En l'absence de bâtiment de l'Etat et à défaut de consul, le droit de discipline appartient au plus âgé des capitaines de navire. Les capitaines au long cours auront toujours, à cet égard, la priorité sur les maîtres au cabotage. En mer, et dans les lieux où il ne se trouve aucune des autorités mentionnées ci-dessus, le capitaine du navire prononce et fait appliquer les peines de discipline, sauf à en rendre compte dans le premier port où il aborde, soit au commissaire de l'inscription maritime, soit au commandant du bâtiment de l'Etat, soit au consul.

ART. 7. Dans tous les cas, et en quelque lieu que se trouve le navire, le capitaine, maître ou patron, peut infliger les peines de discipline prévues par l'article 53 du présent décret, sans en référer préalablement à l'une des autorités énoncées en l'article 5, mais à charge par lui de leur en rendre compte dans le plus bref délai possible.

ART. 23. Le capitaine tiendra un livre spécial, dit Livre de punition, sur lequel toute faute de discipline sera mentionnée par lui ou par l'officier de quart.

ART. 52 Les peines applicables aux fautes de discipline sont :
Pour les hommes de l'équipage :
  1. La consigne à bord pendant huit jours au plus ;
  2. Le retranchement de la ration de boisson fermentée pour trois jours au plus ;
  3. La vigie sur les barres de perroquet, dans la hune sur une vergue ou au bossoir pendant une demi-heure au moins et quatre heures au plus ;
  4. La retenue de un à trente jours de solde, si l'équipage est engagé au mois, ou de deux à cinquante francs s'il est engagé à la part ;
  5. La prison pendant huit jours au plus ;
  6. L'amarrage à un bas mât sur le pont, dans l'entrepont ou dans la cale, pendant un jour au moins et trois jours au plus, à raison d'une heure au moins et de quatre heures au plus par jour ;
  7. La boucle aux pieds pendant cinq jours au plus ;
  8. Le cachot pendant cinq jours au plus. La boucle et le cachot peuvent être accompagnés du retranchement de la ration de boisson fermentée ou même de la mise au pain et à l'eau. S'il s'agît d'un homme dangereux ou en prévention de crime, la peine de la boucle ou du cachot peut être prolongée aussi longtemps que la nécessité l'exige; mais, dans ce cas, il n'y a lieu qu'au retranchement de boisson fermentée.
Pour les passagers de chambre :
  1. L'exclusion de la table au capitaine ;
  2. Les arrêts dans la chambre.
Pour les passagers d'entrepont : La privation de monter sur le pont pendant plus de deux heures par jour.
Ces peines ne pourront être appliquées pendant plus de huit jours consécutifs.

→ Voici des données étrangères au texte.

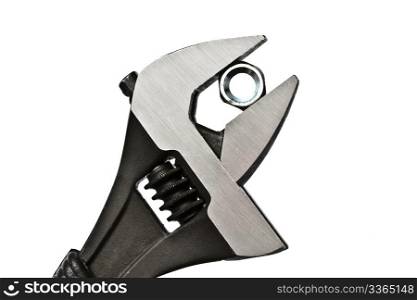 Adjustable wrench and nut isolated on white background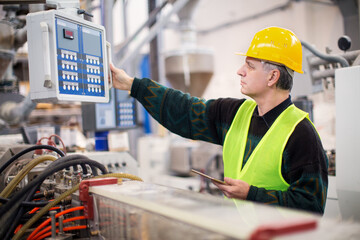 Senior worker in the factory operating machines and taking notes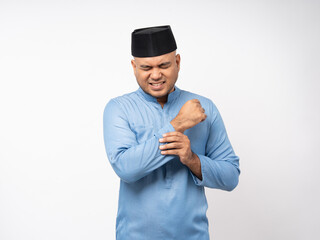 Asian muslim man has an inflamed arms and elbow. Islamic man has problem with structural posture.
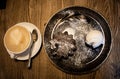 Cup of coffee on a white saucer with chocolate muffin and ice cream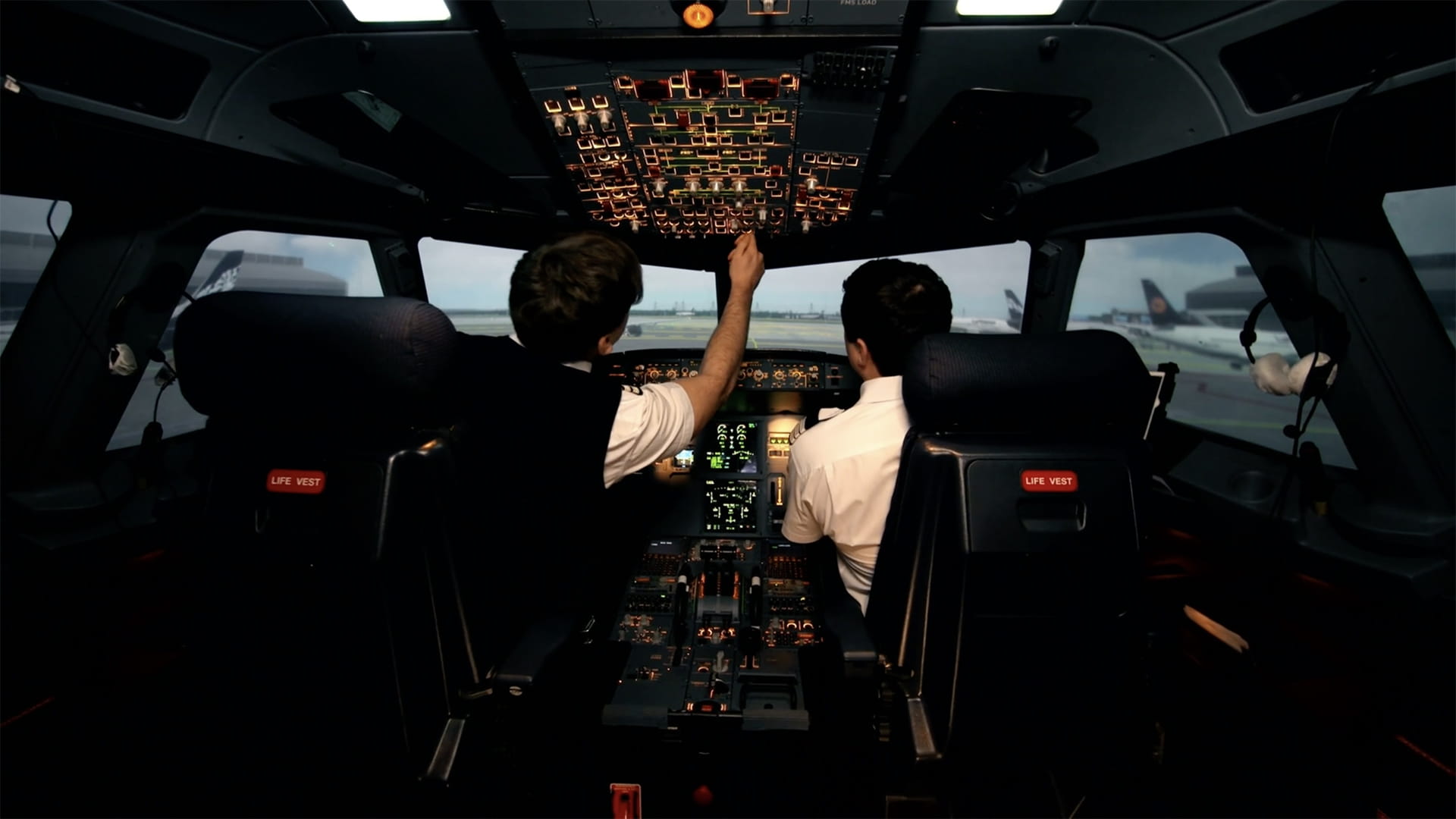 Two pilots in a commercial aircraft flight deck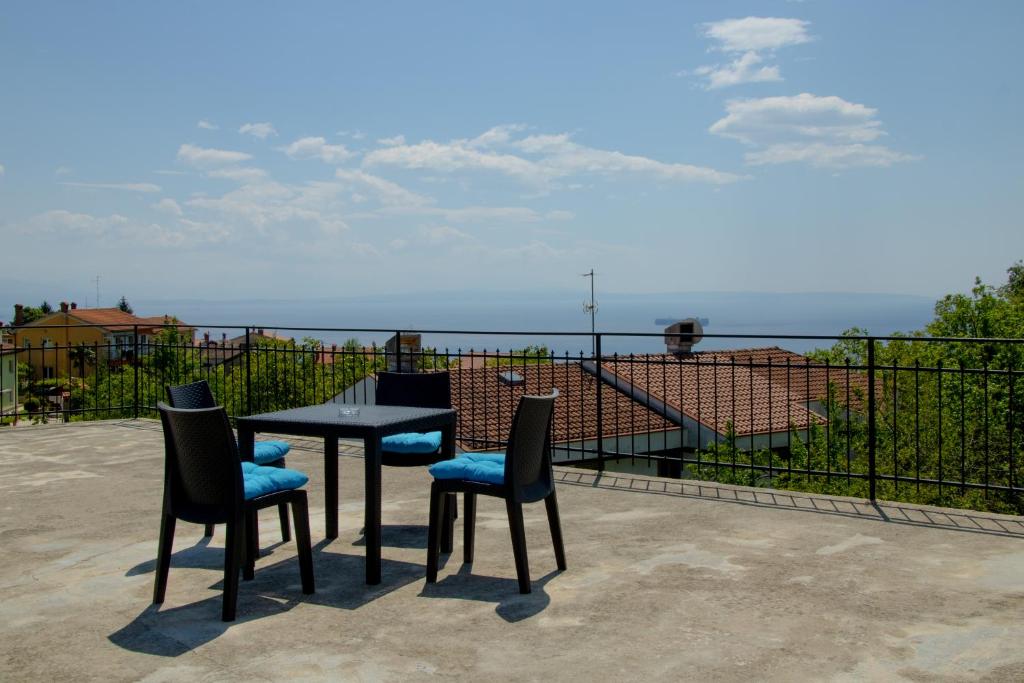 Apartments Teo في أوباتيا: طاولة وكراسي مطلة على المحيط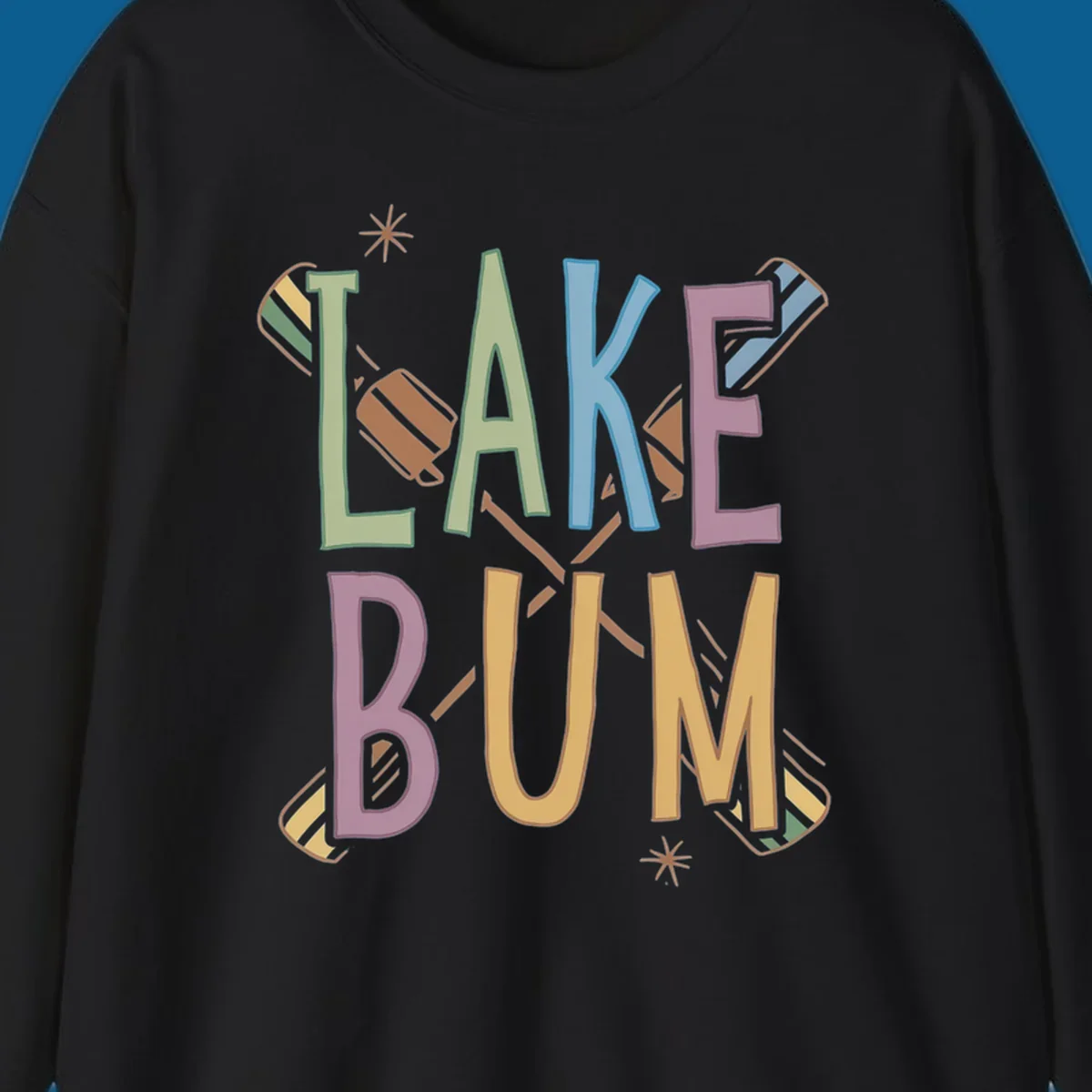 Lake Bum text with crossed oars and starbursts in colorful hand-drawn lettering.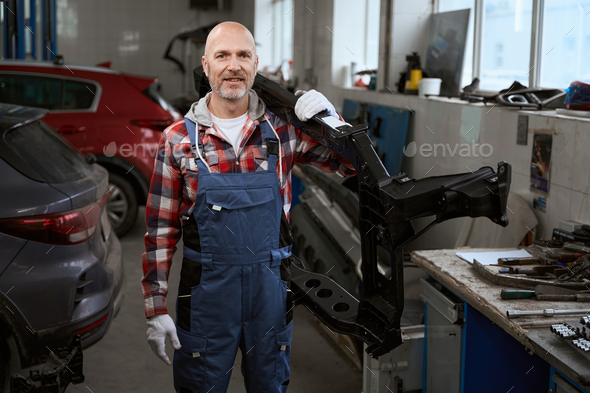 Fit middle-aged man holds car body part on his shoulder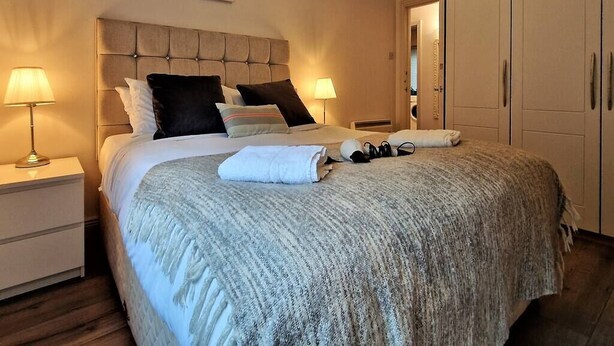 A neatly made bed with a grey blanket, two bedside lamps, and a headboard with a tufted design. - 2 Bed Apartment in Leafy Sandymount, Dublin 4 (Dublin 4)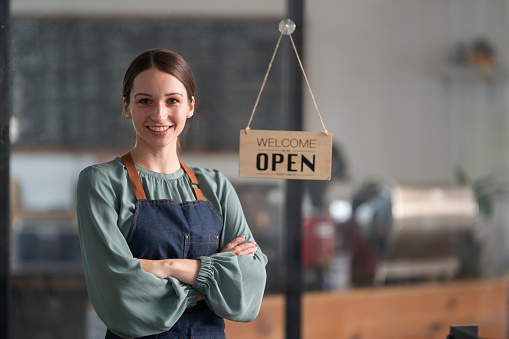 A woman who runs a restaurant and coffee shop business stands welcome confidently with her arms crossed. Hang a sign to open the restaurant. Small business concept.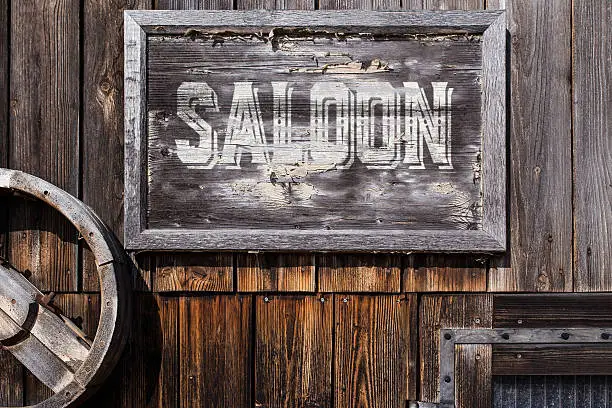 wooden sign with word saloon, planks on the background, vintage style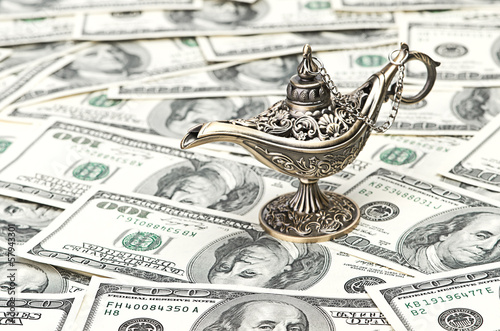 Photo: aladdin lamp on dollar background aladdin lamp on dollar background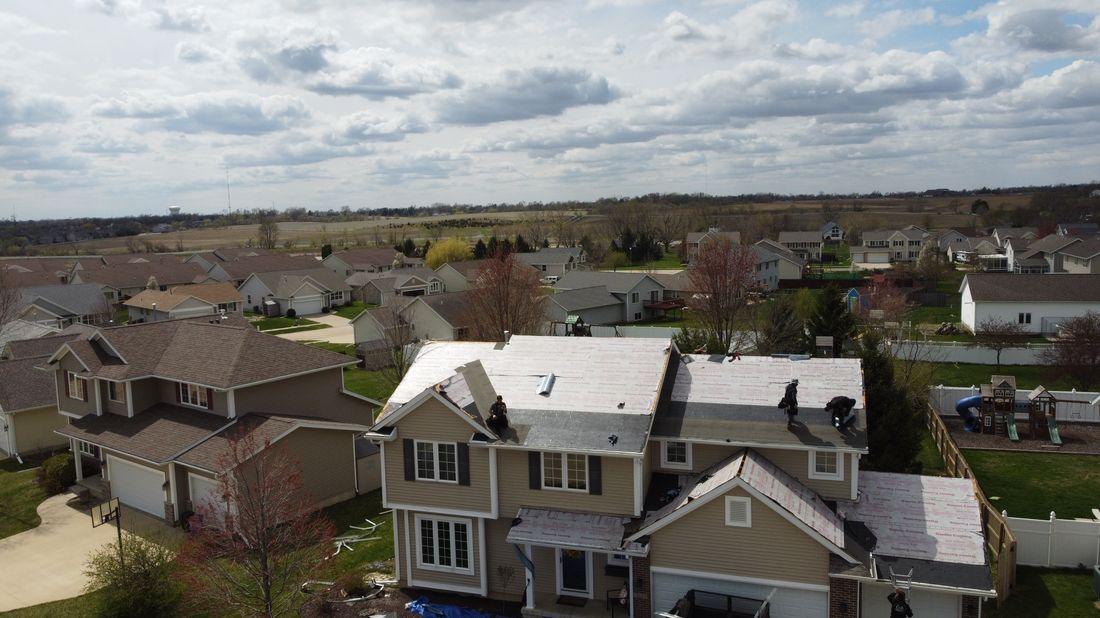 Aerial view of a Trego Roofing crew repairing a roof after storm damage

ART. 58. Sont considérées comme fautes de discipline :
  1. La désobéissance simple ;
  2. La négligence à prendre son poste, ou à s'acquitter d'un travail relatif au service du bord ;
  3. Le manque au quart, ou le défaut de vigilance pendant le quart ;
  4. L'ivresse sans désordre ;
  5. Les querelles ou disputes, sans voies de fait, entre les hommes de l'équipage ou les passagers ;
  6. L'absence du bord sans permission, quand elle n'excède pas trois jours ;
  7. le séjour illégal à terre, moins de trois jours après l'expiration d'un congé ;
  8. le manque de respect aux supérieurs ;
  9. Le fait d'avoir allumé, une première fois, des feux sans permission ou d'avoir circulé dans des lieux où cela est interdit à bord, avec des feux, une pipe ou un cigare allumés ;
  10. Le fait de s'être endormi une première fois, étant à la barre, en vigie ou au bossoir ;
  11. Enfin, et généralement, tous les faits de négligence ou de paresse qui ne constituent qu'une faute légère ou un simple manquement à l'ordre ou au service du navire, ou aux obligations stipulées dans l'acte d'engagement.
Ces fautes seront punies de l'une des peines spécifiées à l'article 52, au choix des autorités désignées par l'article 5 du présent Décret. Seront également considérées comme fautes de discipline les infractions au Décret du 9 janvier 1852 et des règlements sur la pêche côtière, qu'en raison de leur peu de gravité les commissaires de l'inscription maritime ne croiront pas devoir déférer aux poursuites du Ministère public.